Zıtlıklar Şehri: Bangkok

Yazar : Onno PALUYAN

2016 yılının en fazla turist ağırlayan şehirlerinden biri olan, Uzakdoğu’nun yükselen yıldızı Bangkok’u tüm zıtlıklarıyla benimseyip kısa bir geziye çıkmaya hazır olun.

2016 yılının en fazla turist ağırlayan şehirlerinden biri olan, Uzakdoğu’nun yükselen yıldızı Bangkok’u tüm zıtlıklarıyla benimseyip kısa bir geziye çıkmaya hazır olun. Çünkü Bangkok sizlere görünen yüzünden çok daha fazlasını vadediyor.

Yurtdışına yaptığım seyahatlerimde genelde tercih ettiğim destinasyon Avrupa oldu. Avrupa’nın o şatafatlı binaları, şirin kasabaları, devasa şatoları ve muntazam başkentleri ilgimi çeken nedenler arasındaydı. Ama geçen yaz durum biraz farklı gelişti. İlk defa Asya ülkelerinden birine yapacağımız geziyi planlarken, aklımın bir köşesinde asılı duran Tayland gün yüzüne çıktı. Uçak biletlerini araştırırken Tayland hakkında da blogları karıştırıp bilgi toplamaya başlamıştım. Avrupa’nın tam tersine farklı kültürü, farklı dini ritüelleri ve farklı yemekleri olan bu ülke Asya seyahatine başlangıç için idealdi. Tayland tropikal bir iklime sahip olduğu için gitmek için en uygun zamanın Ocak-Mart arası olduğunu öğrendiğimde uçak biletlerimizi de bu tarih aralığına denk gelen Şubat ayına aldık. Seyahatimizi yedi ay öncesinden planladığımız için gideceğimiz ülke hakkında da yoğun bir bilgi araştırması yapma fırsatı bulmuştum. Tayland hakkında okudukça ön plana çıkan Bangkok, Pattaya ve Phuket üçlüsü arasında bir seçim yapıp seyahatimizi dört gece Bangkok altı gece Phuket olarak oluşturduk. Tüm araştırmayı tamamlayıp programımızı oluşturunca kışın ortasında yazı yaşayacağımız o muhteşem 10 günü beklemeye koyulduk.

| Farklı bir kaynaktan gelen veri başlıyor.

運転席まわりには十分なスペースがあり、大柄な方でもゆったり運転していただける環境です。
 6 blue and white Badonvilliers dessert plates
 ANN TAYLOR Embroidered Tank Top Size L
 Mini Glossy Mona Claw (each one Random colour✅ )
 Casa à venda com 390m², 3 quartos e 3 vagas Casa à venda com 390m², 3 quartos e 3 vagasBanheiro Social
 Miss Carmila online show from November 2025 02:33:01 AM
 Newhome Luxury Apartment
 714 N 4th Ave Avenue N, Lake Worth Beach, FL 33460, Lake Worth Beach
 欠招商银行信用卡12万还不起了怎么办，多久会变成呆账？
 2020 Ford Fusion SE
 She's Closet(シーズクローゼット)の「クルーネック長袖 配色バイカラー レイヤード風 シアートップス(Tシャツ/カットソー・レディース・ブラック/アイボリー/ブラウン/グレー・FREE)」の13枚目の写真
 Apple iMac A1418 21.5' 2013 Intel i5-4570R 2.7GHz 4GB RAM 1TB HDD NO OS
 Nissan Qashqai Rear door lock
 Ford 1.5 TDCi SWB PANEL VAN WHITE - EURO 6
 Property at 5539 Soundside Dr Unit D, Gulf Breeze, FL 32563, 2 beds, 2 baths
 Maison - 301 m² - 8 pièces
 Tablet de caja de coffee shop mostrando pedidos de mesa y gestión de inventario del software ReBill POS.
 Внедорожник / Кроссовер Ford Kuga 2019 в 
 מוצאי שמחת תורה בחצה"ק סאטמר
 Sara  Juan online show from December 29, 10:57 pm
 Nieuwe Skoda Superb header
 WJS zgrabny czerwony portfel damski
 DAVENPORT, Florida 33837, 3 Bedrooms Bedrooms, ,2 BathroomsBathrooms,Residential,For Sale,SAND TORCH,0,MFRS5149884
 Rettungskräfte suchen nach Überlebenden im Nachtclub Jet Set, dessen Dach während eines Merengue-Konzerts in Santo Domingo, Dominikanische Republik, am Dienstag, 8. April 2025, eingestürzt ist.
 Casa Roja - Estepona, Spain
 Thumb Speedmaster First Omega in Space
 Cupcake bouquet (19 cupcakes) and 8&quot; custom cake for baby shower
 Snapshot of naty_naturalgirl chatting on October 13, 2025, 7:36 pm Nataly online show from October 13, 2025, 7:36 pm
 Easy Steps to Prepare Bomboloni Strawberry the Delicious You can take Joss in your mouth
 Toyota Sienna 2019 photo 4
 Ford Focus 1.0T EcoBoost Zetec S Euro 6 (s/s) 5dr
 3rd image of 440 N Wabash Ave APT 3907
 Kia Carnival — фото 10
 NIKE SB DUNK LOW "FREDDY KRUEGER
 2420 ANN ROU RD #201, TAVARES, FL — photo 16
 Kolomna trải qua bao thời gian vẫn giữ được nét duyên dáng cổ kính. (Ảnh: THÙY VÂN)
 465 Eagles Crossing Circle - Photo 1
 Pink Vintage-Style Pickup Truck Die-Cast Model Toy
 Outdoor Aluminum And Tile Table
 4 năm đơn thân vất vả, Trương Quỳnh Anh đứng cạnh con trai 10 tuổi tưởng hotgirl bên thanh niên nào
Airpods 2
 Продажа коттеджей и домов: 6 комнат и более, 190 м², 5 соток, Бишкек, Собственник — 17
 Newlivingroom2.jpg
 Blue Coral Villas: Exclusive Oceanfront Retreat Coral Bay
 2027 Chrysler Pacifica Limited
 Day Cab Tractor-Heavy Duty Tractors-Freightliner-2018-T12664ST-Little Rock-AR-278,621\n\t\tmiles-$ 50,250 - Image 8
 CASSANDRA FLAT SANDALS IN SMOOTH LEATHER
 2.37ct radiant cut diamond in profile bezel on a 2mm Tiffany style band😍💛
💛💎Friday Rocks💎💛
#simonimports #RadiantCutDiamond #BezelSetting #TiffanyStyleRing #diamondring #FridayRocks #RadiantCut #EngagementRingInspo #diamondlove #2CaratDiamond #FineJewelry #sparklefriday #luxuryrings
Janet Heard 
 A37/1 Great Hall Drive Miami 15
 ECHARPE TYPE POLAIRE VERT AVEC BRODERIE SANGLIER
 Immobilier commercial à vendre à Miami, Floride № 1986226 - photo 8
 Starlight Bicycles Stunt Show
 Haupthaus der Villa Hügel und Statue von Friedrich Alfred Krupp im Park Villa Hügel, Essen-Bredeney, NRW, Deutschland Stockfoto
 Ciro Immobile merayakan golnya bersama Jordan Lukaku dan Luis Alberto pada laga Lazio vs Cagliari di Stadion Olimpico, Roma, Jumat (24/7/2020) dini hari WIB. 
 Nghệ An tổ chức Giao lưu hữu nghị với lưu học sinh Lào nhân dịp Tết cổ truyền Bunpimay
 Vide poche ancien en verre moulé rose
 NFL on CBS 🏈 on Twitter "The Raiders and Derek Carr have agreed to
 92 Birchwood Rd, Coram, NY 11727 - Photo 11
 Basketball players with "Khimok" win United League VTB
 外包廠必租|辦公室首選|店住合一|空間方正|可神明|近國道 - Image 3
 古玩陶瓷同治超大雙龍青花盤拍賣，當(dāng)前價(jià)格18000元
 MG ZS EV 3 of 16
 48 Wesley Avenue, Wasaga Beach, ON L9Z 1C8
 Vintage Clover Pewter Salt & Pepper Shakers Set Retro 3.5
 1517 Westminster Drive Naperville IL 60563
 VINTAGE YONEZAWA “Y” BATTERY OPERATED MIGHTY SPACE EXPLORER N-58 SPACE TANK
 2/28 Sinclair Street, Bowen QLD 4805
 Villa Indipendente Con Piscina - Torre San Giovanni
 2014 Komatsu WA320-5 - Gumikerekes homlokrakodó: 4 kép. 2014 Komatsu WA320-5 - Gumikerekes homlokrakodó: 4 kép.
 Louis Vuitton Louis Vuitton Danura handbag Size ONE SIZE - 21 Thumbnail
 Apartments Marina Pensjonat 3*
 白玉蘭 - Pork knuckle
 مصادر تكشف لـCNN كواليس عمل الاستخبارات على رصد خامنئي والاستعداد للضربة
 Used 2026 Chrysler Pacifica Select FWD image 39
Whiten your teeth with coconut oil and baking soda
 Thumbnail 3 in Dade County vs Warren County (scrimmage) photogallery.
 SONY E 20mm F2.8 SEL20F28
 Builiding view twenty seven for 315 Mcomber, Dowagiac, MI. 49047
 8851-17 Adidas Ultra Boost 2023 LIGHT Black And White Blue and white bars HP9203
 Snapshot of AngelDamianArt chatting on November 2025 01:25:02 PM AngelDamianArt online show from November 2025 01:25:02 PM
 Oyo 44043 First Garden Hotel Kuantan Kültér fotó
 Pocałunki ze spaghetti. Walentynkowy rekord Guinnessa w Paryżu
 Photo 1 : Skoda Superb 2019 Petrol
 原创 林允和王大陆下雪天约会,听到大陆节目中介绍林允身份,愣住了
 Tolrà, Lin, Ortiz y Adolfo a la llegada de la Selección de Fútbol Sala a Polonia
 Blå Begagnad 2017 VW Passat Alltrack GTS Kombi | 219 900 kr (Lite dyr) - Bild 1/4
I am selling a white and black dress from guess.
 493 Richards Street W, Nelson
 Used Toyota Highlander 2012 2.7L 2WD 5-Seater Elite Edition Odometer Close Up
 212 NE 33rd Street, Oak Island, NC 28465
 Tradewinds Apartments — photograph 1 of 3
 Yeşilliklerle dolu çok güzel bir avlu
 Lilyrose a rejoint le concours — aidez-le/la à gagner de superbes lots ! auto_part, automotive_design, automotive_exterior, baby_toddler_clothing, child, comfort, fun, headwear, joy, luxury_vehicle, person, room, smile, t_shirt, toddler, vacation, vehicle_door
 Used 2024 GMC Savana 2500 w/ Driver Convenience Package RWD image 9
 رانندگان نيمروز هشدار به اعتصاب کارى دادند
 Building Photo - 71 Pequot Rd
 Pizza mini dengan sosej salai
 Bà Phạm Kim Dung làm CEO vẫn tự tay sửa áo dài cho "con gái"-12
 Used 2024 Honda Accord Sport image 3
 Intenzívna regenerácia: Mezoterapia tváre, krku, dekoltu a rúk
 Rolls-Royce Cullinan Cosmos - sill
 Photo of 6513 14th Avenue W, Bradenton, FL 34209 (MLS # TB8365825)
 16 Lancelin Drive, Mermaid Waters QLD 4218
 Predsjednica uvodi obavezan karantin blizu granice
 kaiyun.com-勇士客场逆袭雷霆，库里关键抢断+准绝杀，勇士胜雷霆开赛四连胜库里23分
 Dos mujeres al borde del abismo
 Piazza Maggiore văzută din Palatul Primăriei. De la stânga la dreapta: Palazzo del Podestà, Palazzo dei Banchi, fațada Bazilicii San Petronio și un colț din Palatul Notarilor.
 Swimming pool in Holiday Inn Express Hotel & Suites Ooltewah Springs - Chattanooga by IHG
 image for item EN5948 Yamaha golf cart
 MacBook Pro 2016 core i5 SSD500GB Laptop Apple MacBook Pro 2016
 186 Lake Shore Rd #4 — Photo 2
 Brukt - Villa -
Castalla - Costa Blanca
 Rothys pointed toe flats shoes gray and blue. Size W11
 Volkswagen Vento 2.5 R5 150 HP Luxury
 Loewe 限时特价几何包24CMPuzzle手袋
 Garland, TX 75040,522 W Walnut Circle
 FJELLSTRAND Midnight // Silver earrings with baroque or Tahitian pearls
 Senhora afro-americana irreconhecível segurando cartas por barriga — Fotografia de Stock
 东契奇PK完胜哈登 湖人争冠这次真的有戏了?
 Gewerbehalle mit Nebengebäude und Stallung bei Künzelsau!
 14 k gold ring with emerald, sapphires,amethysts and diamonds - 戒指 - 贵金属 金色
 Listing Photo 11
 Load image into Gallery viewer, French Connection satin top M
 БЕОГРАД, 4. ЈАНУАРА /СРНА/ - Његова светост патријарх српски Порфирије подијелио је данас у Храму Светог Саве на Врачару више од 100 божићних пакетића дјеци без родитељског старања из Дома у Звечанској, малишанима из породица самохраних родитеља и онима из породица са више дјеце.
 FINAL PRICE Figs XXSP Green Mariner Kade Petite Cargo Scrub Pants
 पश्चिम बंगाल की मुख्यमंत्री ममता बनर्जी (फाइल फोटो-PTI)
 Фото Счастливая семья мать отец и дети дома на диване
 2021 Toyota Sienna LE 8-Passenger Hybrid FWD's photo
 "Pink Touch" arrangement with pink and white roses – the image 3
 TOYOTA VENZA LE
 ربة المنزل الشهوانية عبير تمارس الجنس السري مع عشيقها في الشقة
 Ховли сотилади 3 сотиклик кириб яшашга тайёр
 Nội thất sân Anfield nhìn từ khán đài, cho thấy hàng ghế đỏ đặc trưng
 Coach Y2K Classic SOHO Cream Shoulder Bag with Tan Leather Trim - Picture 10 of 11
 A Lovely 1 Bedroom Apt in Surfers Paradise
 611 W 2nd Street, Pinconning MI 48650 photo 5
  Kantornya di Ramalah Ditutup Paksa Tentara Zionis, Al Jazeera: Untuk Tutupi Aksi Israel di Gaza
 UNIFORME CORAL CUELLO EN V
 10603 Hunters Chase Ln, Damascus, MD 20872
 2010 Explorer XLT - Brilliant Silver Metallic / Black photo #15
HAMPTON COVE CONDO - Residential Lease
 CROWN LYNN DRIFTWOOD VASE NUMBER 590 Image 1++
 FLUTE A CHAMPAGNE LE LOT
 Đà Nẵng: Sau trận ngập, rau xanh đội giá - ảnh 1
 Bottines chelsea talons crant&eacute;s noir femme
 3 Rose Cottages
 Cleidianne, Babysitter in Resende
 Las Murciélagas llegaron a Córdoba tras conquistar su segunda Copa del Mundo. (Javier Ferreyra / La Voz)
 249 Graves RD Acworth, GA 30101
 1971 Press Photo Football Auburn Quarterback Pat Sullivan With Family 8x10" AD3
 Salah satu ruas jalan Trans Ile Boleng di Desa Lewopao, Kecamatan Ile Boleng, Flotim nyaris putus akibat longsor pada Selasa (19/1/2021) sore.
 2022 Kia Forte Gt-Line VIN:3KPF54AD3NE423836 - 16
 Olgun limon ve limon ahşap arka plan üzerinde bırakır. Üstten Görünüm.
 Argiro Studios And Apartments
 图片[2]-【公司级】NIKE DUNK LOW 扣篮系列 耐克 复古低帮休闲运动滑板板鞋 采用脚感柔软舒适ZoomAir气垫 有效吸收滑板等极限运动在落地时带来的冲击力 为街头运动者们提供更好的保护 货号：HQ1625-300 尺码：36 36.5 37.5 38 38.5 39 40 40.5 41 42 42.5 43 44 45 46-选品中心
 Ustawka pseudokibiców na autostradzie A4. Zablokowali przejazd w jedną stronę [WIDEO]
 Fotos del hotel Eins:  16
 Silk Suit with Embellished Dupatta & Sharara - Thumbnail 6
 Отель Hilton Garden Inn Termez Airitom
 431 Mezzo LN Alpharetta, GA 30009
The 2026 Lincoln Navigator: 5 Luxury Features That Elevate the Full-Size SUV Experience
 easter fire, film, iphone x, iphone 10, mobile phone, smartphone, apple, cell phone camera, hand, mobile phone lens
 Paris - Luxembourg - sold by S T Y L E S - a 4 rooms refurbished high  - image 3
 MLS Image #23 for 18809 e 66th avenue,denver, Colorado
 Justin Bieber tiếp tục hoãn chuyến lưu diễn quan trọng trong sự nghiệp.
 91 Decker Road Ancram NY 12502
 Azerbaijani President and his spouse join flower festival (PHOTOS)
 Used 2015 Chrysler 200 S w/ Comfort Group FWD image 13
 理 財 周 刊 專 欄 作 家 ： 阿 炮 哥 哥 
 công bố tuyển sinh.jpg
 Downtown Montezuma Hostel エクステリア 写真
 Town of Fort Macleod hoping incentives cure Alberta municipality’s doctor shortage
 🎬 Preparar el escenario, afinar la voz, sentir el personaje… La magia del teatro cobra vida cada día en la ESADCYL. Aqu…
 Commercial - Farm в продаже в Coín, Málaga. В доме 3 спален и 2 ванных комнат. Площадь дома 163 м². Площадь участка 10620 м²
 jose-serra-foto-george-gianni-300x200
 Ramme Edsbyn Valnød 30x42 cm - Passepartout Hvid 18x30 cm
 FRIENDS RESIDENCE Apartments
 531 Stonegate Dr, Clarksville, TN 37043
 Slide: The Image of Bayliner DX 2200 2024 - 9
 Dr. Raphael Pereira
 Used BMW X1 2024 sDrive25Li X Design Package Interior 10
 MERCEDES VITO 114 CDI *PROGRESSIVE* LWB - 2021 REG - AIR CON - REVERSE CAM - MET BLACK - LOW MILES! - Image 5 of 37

Her ne kadar önceden araştırma yapmış olsam bile, tamamen farklı bir ülkede ne kadar harcayacağınızı, ne yiyip ne içebileceğinizi önceden kestirmek oldukça zor oluyor. Bu yüzden Avrupa seyahatlerimden biraz daha farklı olarak kendimi güvenceye almak açısından yanıma daha fazla para alma ihtiyacı hissettim. 

Arap havayollarından biri olan Gulf Air ile yapmış olduğumuz seyahatimiz Bahreyn aktarması ile birlikte yaklaşık 10 saat sürdü. Bangkok’a vardığımızda herkesin dilinden düşürmediği “iner inmez şehir kokuyor” durumunu deneyimlemek için derin bir nefes aldım. Hemen söyleyeyim: bu durum külliyen yalan! Evet, bizden çok farklı yemek kültürü olan ve sokakta yemek yapma & yeme alışkanlığı olan bu ülke eğer sokak satıcılarının yanından geçiyorsanız kokuyor, ama onun dışında sizi rahatsız edecek bir koku söz konusu değil. 

Gittiğimiz mevsim itibariyle ortalama sıcaklığın 30-35 derece olduğu Bangkok sizi terletmiyor ancak kendinizi tropik bir ormanda sauna etkisi altında hissettiriyor. Havalimanından şehir içi ulaşımı havaray ile manzaralı bir şekilde tamamlayıp otelimize ulaşıyoruz ve macera başlıyor.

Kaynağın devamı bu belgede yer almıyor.